Post-Installation Configuration Issues

Following a successful update or install of ClusterWare, you may wish to make one or more configuration changes, depending upon the local needs of your cluster.

Resolve *.rpmnew and *.rpmsave configuration file differences

As with every ClusterWare upgrade, after the upgrade you should locate any ClusterWare *.rpmsave and rpmnew files and perform merges, as appropriate, to carry forward the local changes. Sometimes a ClusterWare upgrade will save the locally modified version as *.rpmsave and overwrite the basic file with a new version. Other times the upgrade will keep the locally modified version untouched, installing the new version as *.rpmnew.

For example,

    cd /etc/beowulf
    find . -name \*rpmnew
    find . -name \*rpmsave
and examine each such file to understand how it differs from the configuration file that existed prior to the update. You may need to merge new lines from the newer *.rpmnew file into the existing file (common with config.rpmnew), or perhaps replace existing lines with new modifications. Or you may need to merge older local modifications in *.rpmsave into the newly installed pristine version of the file (common with fstab.rpmsave). Contact Scyld Customer Support if you are unsure about how to resolve particular differences, especially with /etc/beowulf/config.

Disable SELinux

ClusterWare execution currently requires that SELinux be disabled. You can manually edit /etc/sysconfig/selinux and ensure that:

    SELINUX=disabled
is set. If SELinux was not already set to disabled, then the master node must be rebooted for this change to take effect.

Optionally enable TORQUE

If you wish to run TORQUE, confirm that it is enabled on the master node:

    /sbin/chkconfig --list torque
and verify the settings 3:on 4:on 5:on.

After you successfully start the cluster compute nodes for the first time, enable the /etc/beowulf/init.d/torque script:

    beochkconfig 90torque on
then restart TORQUE and restart the compute nodes:
    service torque restart
    bpctl -S all -R
See the Administrator's Guide for more details about TORQUE configuration, and the User's Guide for details about how to use TORQUE.

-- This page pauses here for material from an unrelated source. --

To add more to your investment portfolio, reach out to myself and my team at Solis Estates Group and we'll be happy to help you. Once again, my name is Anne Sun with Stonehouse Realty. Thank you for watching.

Optionally enable Ganglia monitoring tool

To enable the Ganglia cluster monitoring tool, edit /etc/xinetd.d/beostat to change disable=yes to disable=no, followed by:

    /sbin/chkconfig xinetd on
    /sbin/chkconfig httpd on
    /sbin/chkconfig gmetad on
then either reboot the master node, which automatically restarts these three system services; or without rebooting, manually restart xinetd to re-read the newly edited beostat config file, and start the remaining services that are not already running:
    service xinetd restart
    service httpd start
    service gmetad start
See the Administrator's Guide for more details.

Optionally enable IMF ClusterAdmin Web Interface

The Integrated Management Framework (IMF) ClusterAdmin Web Interface is used by a cluster administrator to monitor and administer the cluster using a Web browser. It requires Apache on the master node (service httpd) and is access-protected with a Web application-specific username, admin, and password combination.

To enable the ClusterAdmin Web interface, perform the following steps on the master node:

  1. Enable the httpd service, if it is not already enabled:

        /sbin/chkconfig httpd on
        service httpd start

  2. Initialize the admin account by assigning it a unique password:

        /usr/bin/htpasswd /etc/httpd/imf/htpasswd-users admin

After that, you point your Web browser to your master node and log into the IMF ClusterAdmin Interface via the Scyld ClusterWare IMF link. See the Administrator's Guide for more details.

Optionally enable NFS locking

If you wish to use cluster-wide NFS locking, then you must enable locking on the master node and on the compute nodes. First ensure that NFS locking is enabled and running on the master:

    /sbin/chkconfig nfslock on
    service nfslock start
Then for each NFS mount point for which you need the locking functionality, you must edit /etc/beowulf/fstab (or the appropriate node-specific /etc/beowulf/fstab.N file(s)) to remove the default option nolock. See the Administrator's Guide for more details.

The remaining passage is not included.